WORK INSTRUCTION: Only the lines below between the ones containing "The House and the Downs" and "Scanning electron microscopy", inclusive, are to be reproduced, each exactly as it stands.

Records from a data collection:
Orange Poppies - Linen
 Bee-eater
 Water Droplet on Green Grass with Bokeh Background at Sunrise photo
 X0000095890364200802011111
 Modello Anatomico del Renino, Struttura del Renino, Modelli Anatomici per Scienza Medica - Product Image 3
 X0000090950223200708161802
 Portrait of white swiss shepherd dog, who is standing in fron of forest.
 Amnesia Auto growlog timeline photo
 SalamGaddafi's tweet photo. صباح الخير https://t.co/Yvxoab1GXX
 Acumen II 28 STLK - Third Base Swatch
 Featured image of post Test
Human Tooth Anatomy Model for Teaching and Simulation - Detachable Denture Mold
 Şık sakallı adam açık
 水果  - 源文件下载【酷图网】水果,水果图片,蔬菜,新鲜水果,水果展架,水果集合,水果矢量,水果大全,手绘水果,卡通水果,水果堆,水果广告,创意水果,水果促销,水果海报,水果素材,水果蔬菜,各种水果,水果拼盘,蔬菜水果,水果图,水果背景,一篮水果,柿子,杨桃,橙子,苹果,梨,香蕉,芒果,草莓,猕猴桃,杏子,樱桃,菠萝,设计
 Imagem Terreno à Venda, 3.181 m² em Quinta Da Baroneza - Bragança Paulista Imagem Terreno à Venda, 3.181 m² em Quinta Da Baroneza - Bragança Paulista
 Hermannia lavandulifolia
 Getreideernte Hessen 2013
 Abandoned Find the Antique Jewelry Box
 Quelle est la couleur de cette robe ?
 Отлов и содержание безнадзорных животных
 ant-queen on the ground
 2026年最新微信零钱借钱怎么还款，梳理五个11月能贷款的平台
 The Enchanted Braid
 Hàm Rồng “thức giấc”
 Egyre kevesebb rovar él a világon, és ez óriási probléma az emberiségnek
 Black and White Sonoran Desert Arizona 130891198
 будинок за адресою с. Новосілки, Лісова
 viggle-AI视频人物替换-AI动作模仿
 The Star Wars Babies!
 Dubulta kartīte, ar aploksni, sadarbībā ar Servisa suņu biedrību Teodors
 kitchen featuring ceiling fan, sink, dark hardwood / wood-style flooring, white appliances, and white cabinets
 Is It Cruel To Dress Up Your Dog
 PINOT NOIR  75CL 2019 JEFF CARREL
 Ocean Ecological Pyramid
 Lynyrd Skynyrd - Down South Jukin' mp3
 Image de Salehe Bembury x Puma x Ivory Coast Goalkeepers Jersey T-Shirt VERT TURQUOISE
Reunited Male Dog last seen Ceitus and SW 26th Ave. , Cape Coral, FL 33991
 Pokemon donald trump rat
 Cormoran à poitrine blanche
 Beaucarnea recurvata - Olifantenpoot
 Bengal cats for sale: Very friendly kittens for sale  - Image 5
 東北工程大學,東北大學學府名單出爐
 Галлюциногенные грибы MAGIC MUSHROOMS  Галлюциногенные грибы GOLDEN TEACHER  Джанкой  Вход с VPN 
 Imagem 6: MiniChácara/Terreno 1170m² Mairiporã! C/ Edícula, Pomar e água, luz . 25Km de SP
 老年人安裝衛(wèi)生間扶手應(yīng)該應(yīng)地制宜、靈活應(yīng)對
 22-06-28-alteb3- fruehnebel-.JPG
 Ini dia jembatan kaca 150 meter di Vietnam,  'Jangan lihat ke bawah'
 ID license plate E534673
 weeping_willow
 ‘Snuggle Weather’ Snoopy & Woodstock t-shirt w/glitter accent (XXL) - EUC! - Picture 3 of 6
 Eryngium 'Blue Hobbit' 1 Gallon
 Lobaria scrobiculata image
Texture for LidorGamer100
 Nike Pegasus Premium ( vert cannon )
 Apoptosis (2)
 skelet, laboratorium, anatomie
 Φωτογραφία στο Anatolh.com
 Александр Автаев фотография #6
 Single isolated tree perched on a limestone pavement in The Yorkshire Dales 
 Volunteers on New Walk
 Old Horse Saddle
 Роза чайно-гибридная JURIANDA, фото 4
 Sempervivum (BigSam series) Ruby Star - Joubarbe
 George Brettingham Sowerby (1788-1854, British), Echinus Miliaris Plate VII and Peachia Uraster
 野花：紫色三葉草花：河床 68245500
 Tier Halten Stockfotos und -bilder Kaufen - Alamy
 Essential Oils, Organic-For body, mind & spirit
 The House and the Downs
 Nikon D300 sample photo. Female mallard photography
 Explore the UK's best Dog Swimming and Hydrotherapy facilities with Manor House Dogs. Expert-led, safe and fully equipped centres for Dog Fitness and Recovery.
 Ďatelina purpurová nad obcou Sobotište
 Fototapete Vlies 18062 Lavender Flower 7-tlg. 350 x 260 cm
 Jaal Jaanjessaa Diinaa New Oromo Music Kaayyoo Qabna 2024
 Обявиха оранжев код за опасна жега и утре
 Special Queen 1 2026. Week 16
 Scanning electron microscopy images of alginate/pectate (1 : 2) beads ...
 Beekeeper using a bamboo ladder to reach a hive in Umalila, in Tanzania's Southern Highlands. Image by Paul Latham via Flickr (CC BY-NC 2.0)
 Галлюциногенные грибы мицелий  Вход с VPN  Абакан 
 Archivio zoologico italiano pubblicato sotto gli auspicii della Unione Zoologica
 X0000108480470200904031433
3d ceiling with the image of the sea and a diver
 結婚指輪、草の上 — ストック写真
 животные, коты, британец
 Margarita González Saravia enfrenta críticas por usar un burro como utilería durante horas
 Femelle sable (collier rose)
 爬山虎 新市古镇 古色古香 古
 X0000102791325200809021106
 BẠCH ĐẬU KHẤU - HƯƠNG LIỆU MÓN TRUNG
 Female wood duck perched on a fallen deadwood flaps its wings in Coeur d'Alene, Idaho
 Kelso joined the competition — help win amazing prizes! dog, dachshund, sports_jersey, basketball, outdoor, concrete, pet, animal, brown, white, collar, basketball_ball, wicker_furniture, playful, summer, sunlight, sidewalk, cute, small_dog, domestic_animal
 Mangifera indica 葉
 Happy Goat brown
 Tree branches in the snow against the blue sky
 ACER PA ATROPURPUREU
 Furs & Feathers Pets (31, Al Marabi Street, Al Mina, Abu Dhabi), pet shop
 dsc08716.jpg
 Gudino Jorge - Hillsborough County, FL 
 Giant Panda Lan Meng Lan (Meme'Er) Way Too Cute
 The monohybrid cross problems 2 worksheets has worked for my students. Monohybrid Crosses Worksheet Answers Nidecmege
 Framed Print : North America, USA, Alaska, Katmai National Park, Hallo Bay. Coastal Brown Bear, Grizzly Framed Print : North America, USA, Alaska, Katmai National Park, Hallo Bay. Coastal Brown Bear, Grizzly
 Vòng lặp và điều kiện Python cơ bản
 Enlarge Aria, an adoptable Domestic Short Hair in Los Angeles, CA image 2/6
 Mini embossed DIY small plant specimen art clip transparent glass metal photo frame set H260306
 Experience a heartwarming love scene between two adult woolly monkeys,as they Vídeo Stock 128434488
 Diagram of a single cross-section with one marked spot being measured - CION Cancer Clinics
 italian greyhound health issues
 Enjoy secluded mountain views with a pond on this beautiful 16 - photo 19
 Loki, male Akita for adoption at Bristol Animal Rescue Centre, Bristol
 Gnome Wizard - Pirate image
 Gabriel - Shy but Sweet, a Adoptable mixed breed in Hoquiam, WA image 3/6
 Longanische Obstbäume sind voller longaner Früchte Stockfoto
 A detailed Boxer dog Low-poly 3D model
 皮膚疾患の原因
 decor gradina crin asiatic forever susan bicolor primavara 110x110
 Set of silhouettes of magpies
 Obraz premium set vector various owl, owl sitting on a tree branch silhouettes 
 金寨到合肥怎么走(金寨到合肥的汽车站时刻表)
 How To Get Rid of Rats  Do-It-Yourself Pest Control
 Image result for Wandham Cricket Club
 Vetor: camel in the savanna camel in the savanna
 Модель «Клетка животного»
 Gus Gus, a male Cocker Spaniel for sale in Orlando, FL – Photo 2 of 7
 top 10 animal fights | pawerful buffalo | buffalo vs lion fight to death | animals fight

ANSWER SECTION:
 The House and the Downs
 Nikon D300 sample photo. Female mallard photography
 Explore the UK's best Dog Swimming and Hydrotherapy facilities with Manor House Dogs. Expert-led, safe and fully equipped centres for Dog Fitness and Recovery.
 Ďatelina purpurová nad obcou Sobotište
 Fototapete Vlies 18062 Lavender Flower 7-tlg. 350 x 260 cm
 Jaal Jaanjessaa Diinaa New Oromo Music Kaayyoo Qabna 2024
 Обявиха оранжев код за опасна жега и утре
 Special Queen 1 2026. Week 16
 Scanning electron microscopy images of alginate/pectate (1 : 2) beads ...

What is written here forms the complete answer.